History of Local 40

The Canadian Textile and Chemical Union was formed under the leadership of Madeleine Parent and Kent Rowley in 1952, with the breakaway from an American textile union, going on to become a member of the Confederation of Canadian Unions. The CTCU was one of the first Canadian unions to call for equal pay for work of equal value and lead high profile strikes focusing on the rights of women and immigrant workers including Texpack, Artistic Woodwork, McGregor Hosiery Mills, and Puretex Knitting.

The CTCU represented both manufacturing and service workers but lost much of its membership when textiles became an early victim of free trade negotiations under NAFTA. In June of 1992, the 800 members of the CTCU merged with CAW to become Local 40 and home to the CAW Workers Centre.  Following the merger, Local 40 grew dramatically both in terms of organized workplaces and membership size.

In 2012, CAW Local 1000 (formerly of the Retail Wholesale Canada Union) which was comprised of around 600 members largely working in the retail and logistics sectors merged with Local 40.  As Local 1000 and Local 40 had been working together on a variety of community based events the amalgamation made sense ideologically and logistically, resulting in a consolidation of resources and minimization of overhead.
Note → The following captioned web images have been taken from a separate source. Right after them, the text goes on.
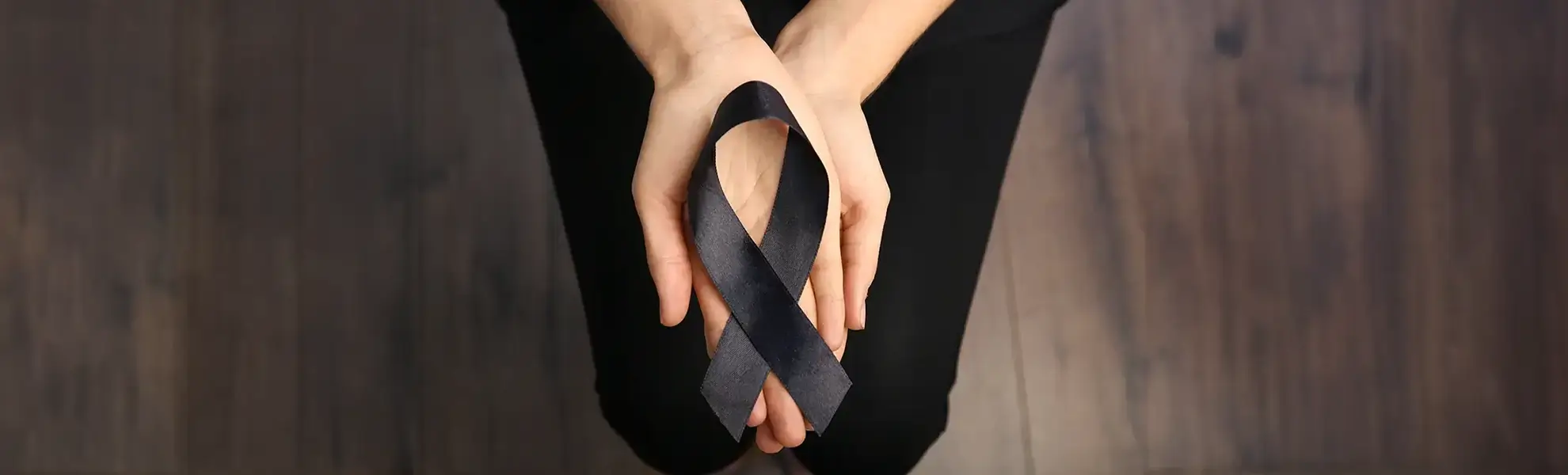 Junge Frau hält eine schwarze Trauerschleife in den Händen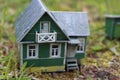 A model of a Russian country house with a barn and a well. Royalty Free Stock Photo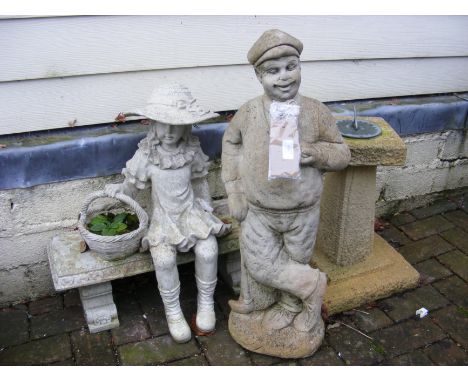 A garden statue of golfer, together with girl on bench ornament and a small sundial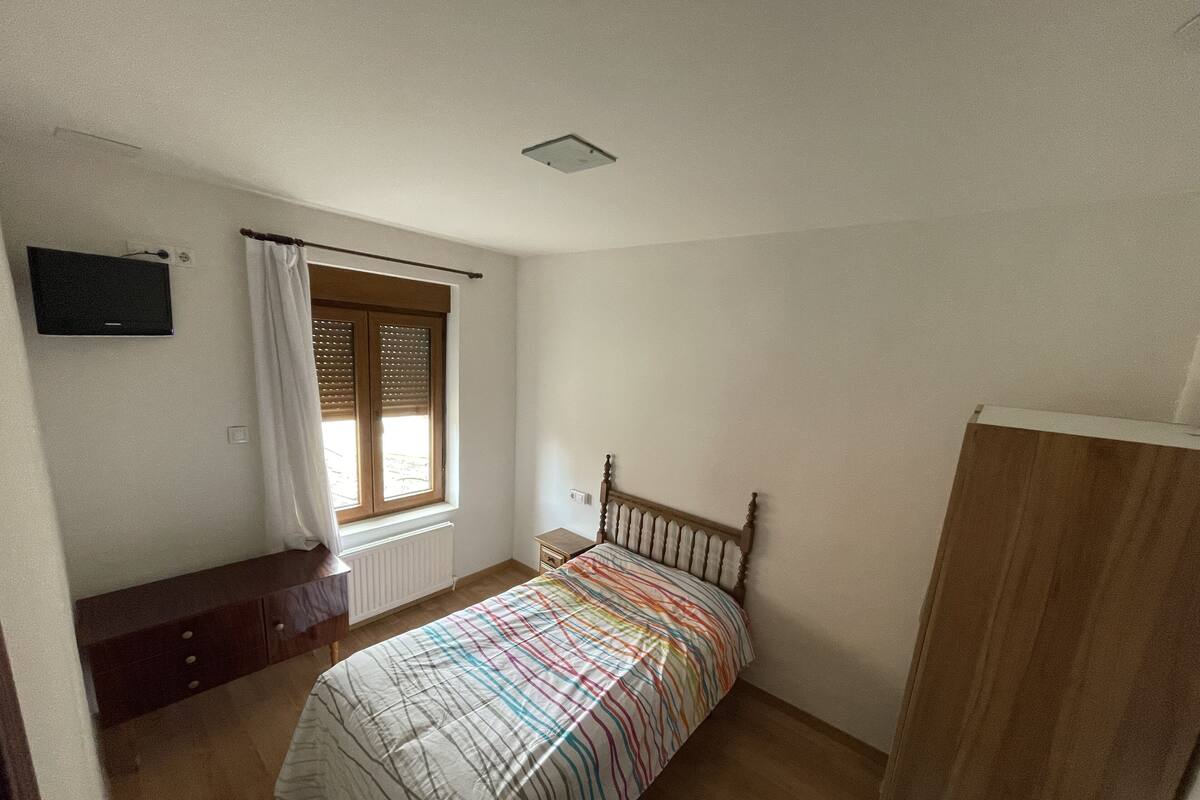 A bedroom with a bed, a window with curtains, a bedside table, and a TV mounted on the wall.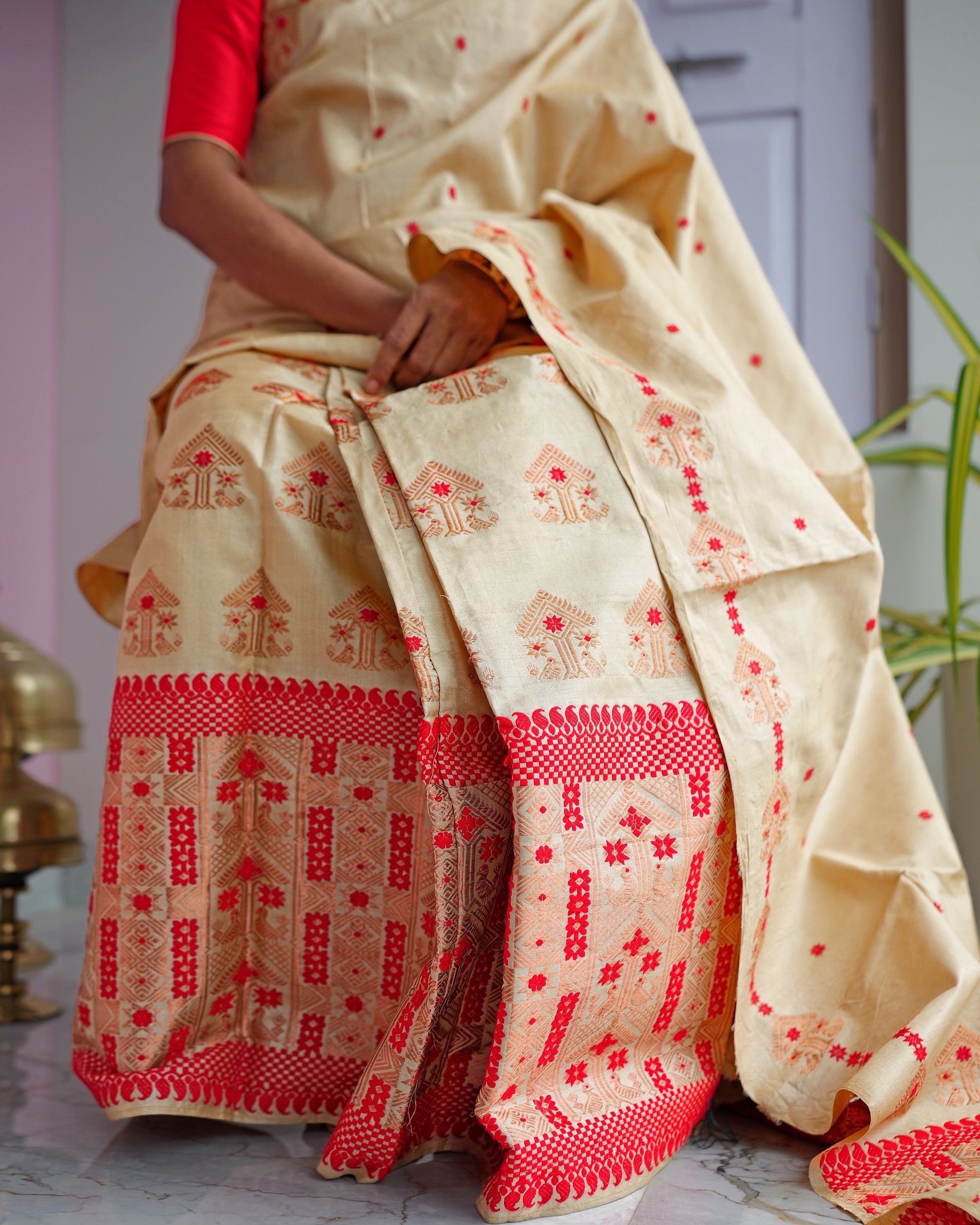 Seated, framed from the shoulder to the floor. Rows of copper-peach motifs on the mekhela above a red band of scallops and checks and a wide red panel; the drape falls to one side, its worked end on the floor.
As a result of the 2013 merger of the Canadian Auto Workers and Communications, Energy, and Paperworkers unions, Unifor Local 40 was born making it a member of the largest private sector union in Canada representing members in a wide variety of sectors and industries.  An embodiment of diversity, Local 40 represents members in the Toronto area and beyond employed in manufacturing, health care, education, social services, auto services, retail, logistics, and protection services.